Top of Data
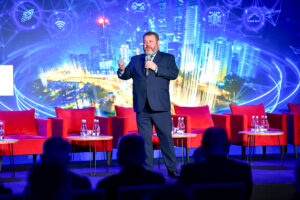 Na zdj.: Przemysław Kuna, Fot. Piętka Mieszko/AKPA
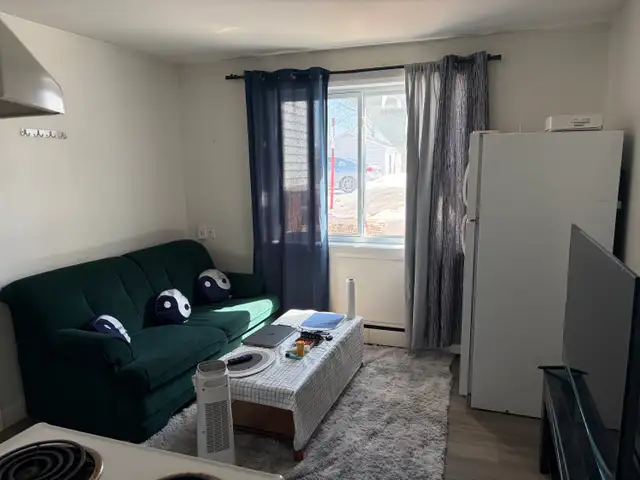 Beau 2 1/2, chemin St-Louis, Juillet - Photo 5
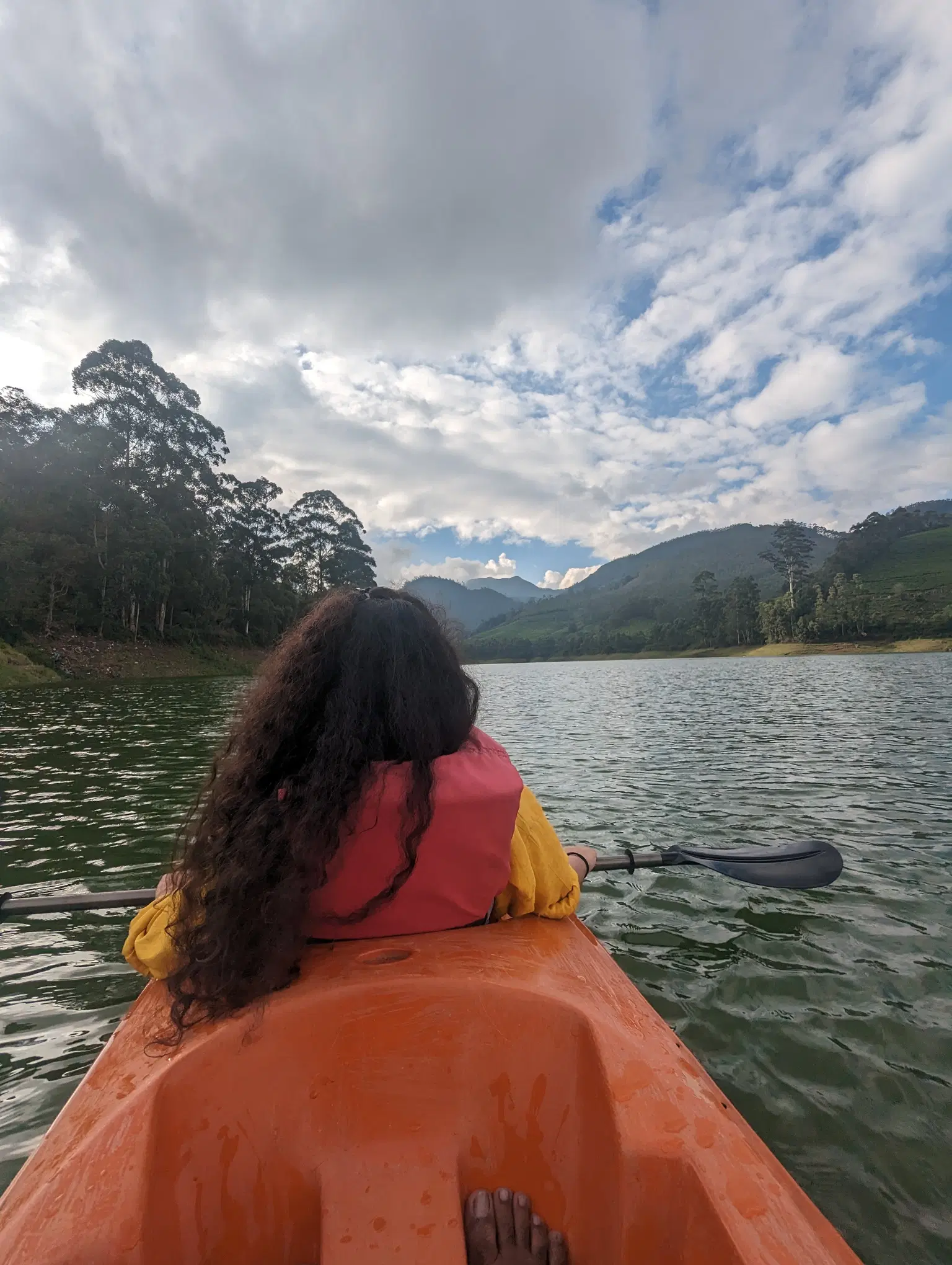 Photo from Pragati Manchanda's trip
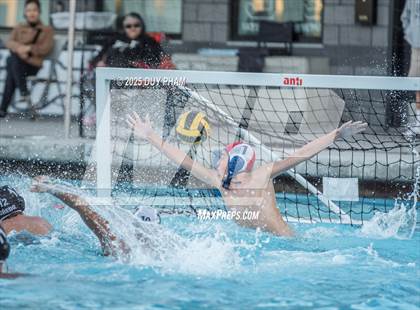 Thumbnail 2 in JV: St. John Bosco @ Servite photogallery.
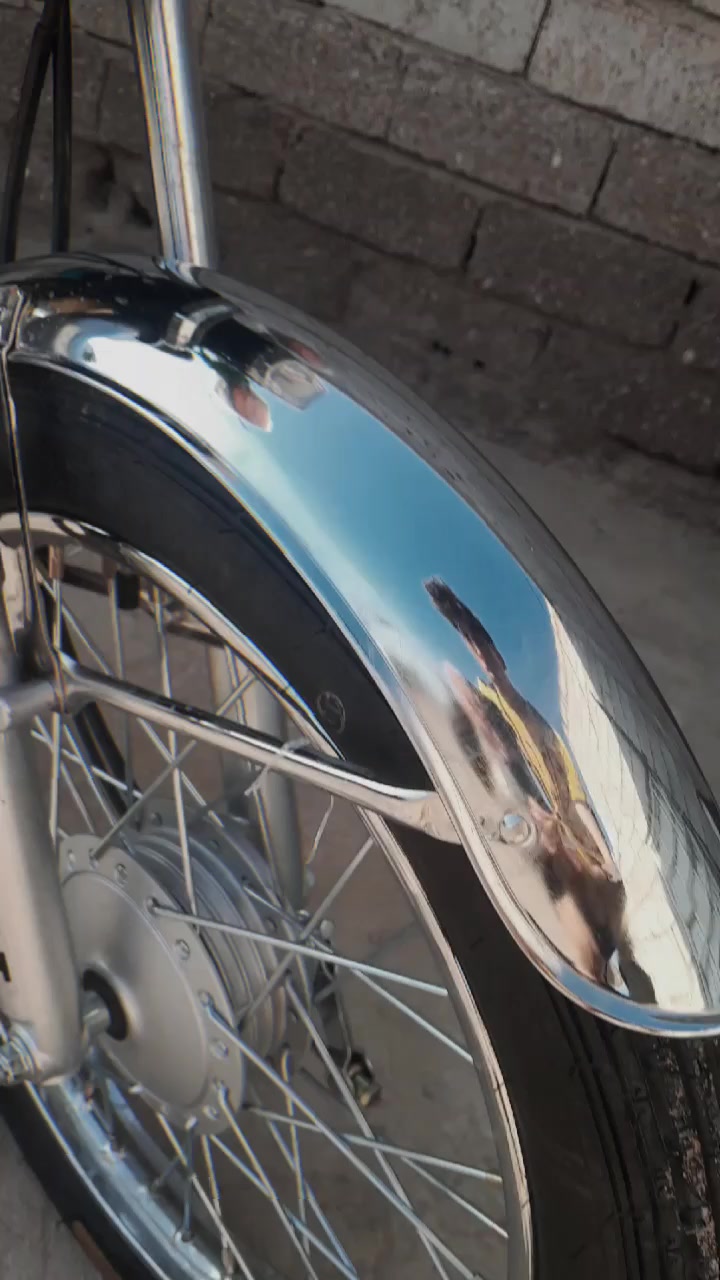 دراجه لبيع امتياز وصل توها طالعه سعر ما متواجد خاص؟ ***********
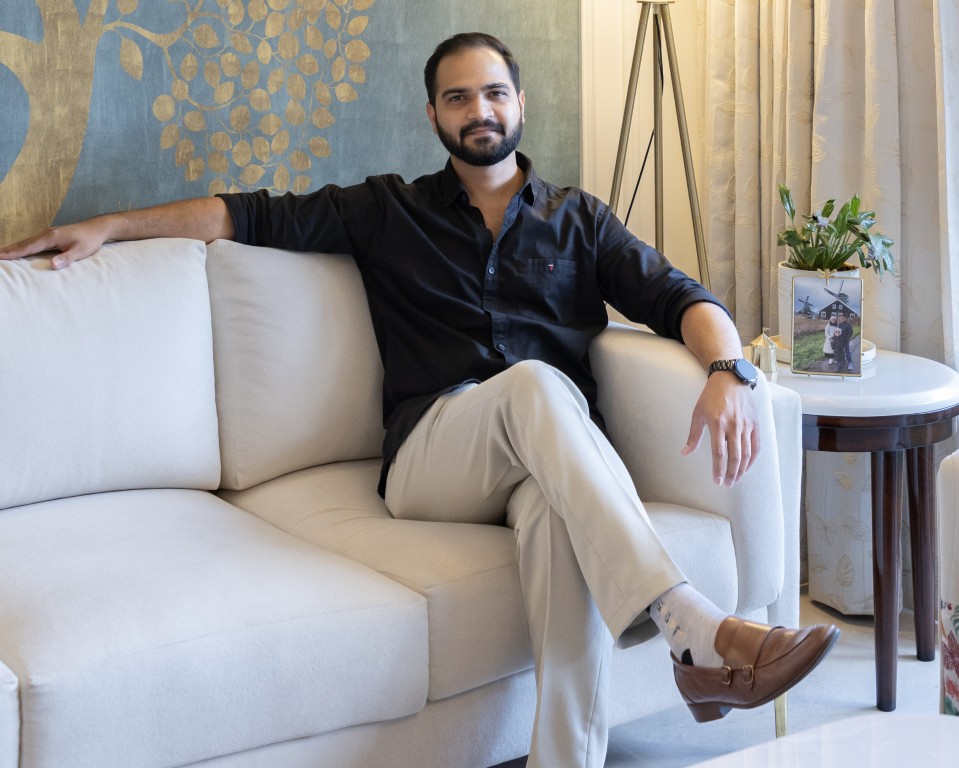 Founder of Maayish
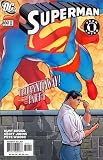 Superman 650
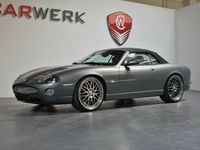 Gebraucht Jaguar XKR S 396 PS (291 kW) 2005 Grau Cabrio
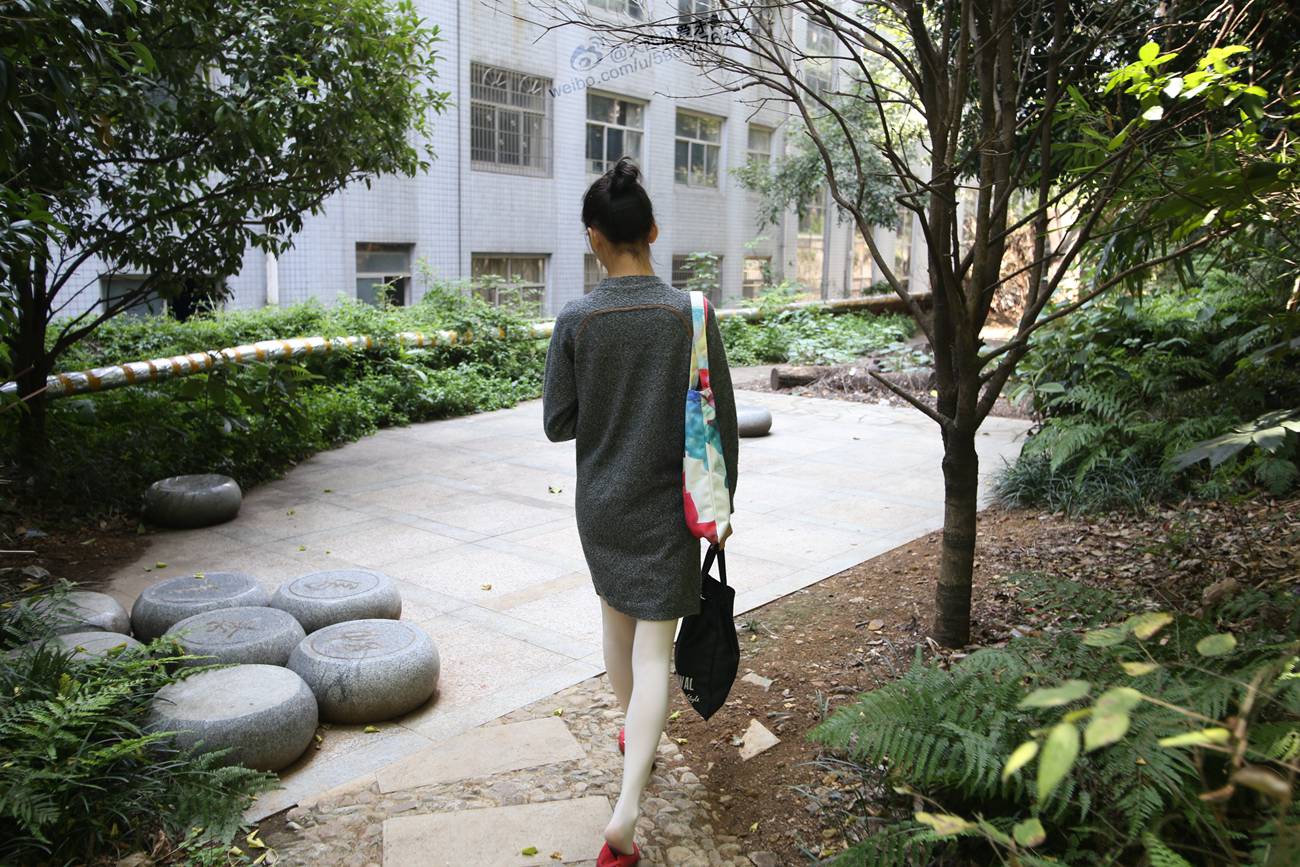 图片[343]-大西瓜爱牙膏-早期作品-W010 舞蹈家2-身材极好2 [405P] – 速更版-美库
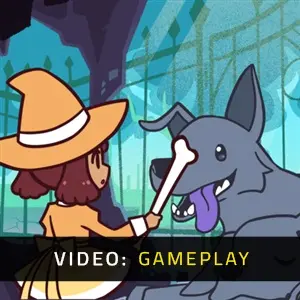 Puppergeist - Gameplay
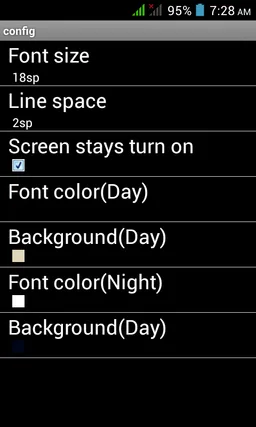 My Mysterious Romance screenshot 5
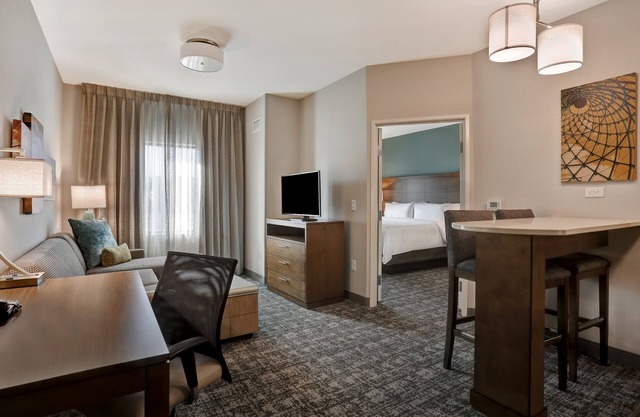1 Bedroom | Free Breakfast. Pool. Shared BBQ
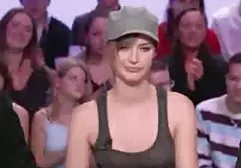 سمراء سكس عربي محجبا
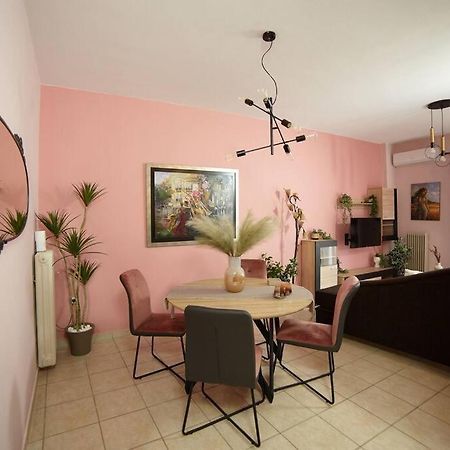 דירות Faraí Casa Di Andreo מראה חיצוני תמונה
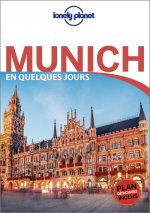 Lonely Planet - Munich en quelques jours
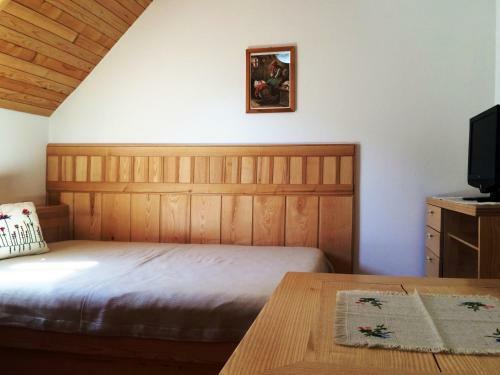 Agroturismo Govc-vr?nik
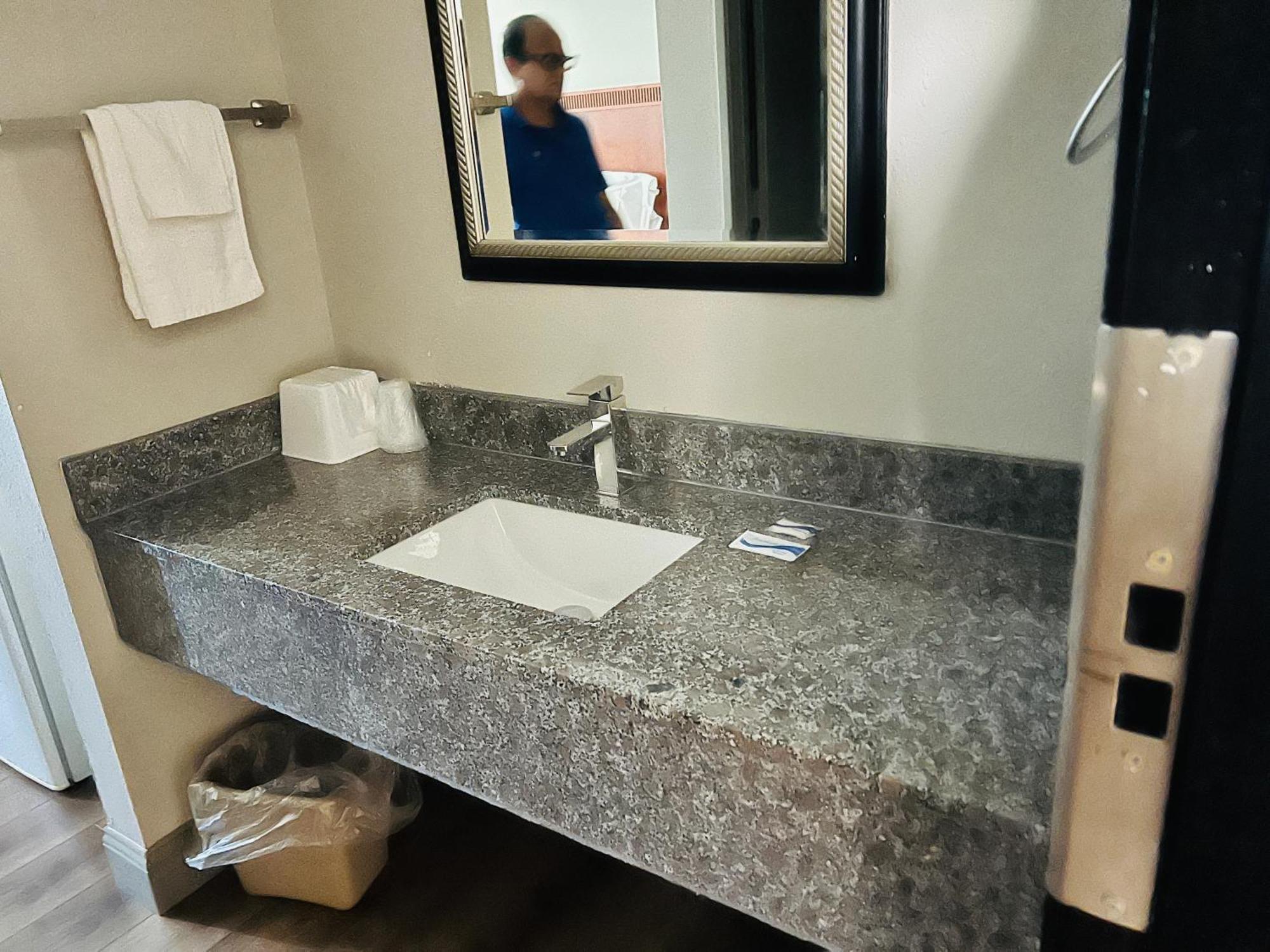 Rosewood Inn By Oyo Union City I-69 Zewnętrze zdjęcie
Bottom of Data
Your instructions »
Line by line, print the records exactly, leaving the pictures behind.

Written reply »
 Na zdj.: Przemysław Kuna, Fot. Piętka Mieszko/AKPA
 Beau 2 1/2, chemin St-Louis, Juillet - Photo 5
 Photo from Pragati Manchanda's trip
 Thumbnail 2 in JV: St. John Bosco @ Servite photogallery.
 دراجه لبيع امتياز وصل توها طالعه سعر ما متواجد خاص؟ ***********
 Founder of Maayish
 Superman 650
 Gebraucht Jaguar XKR S 396 PS (291 kW) 2005 Grau Cabrio
 图片[343]-大西瓜爱牙膏-早期作品-W010 舞蹈家2-身材极好2 [405P] – 速更版-美库
 Puppergeist - Gameplay
 My Mysterious Romance screenshot 5
1 Bedroom | Free Breakfast. Pool. Shared BBQ
 سمراء سكس عربي محجبا
 דירות Faraí Casa Di Andreo מראה חיצוני תמונה
 Lonely Planet - Munich en quelques jours
 Agroturismo Govc-vr?nik
 Rosewood Inn By Oyo Union City I-69 Zewnętrze zdjęcie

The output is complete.